At eBay, we have approximately 152 million users and 1.5 billion live listings at any given time on our marketplace. This article takes a look at how we’ve created an in-house system, using a combination of engineering and machine learning methodologies to develop personalized recommendations for our community.
The blog headline may sound daunting, but let’s deconstruct it to see what we mean by it. By using the word “Building,” we’ll delve into step-by-step engineering instructions on how to develop a large-scale industrial system. Next is “Deep Learning,” which will cover the Natural Language Processing (NLP) methods to generate embeddings based on textual information of item and user entities. “Retrieval System” will review how to build a state-of-the-art index based on trained embeddings and using recent developments in Approximate Nearest Neighbor (ANN) methods to generate results quickly in real-time. And finally “Personalized Recommendations” is the product setting where we will discuss a recommender system generating personalized item recommendations based on a user’s past browsing activity.

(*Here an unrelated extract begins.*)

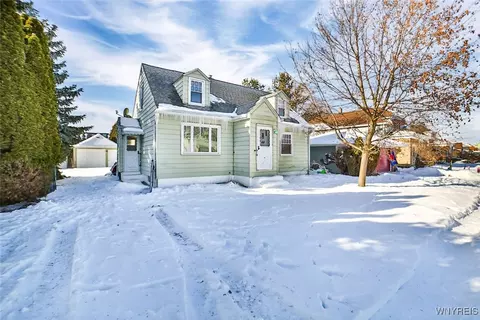 44 Boynton St, West Seneca, NY 14206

Recommender systems are ubiquitous in ecommerce and most industrial web applications. This article will discuss a specific flavor of recommender systems where the input is a sequence of user-clicked items on an ecommerce platform, and the output would be “personalized” items that this user may be interested in purchasing. Typically, this recommendations module would appear on the “homepage” or an “item page” of an ecommerce marketplace, with a tag line that is something similar to “items based on your recent views”.
There are straightforward ways to generate this by using a user’s Recently Viewed Items (RVI) and generating similar items to these RVIs. However, if you want to build up a true user representation automatically and encapsulate it in a user embedding, as well as having your system learn that a “red dress” is similar to a “scarlet dress,” the power of deep learning is needed. Let’s learn how we build up this system step-by-step!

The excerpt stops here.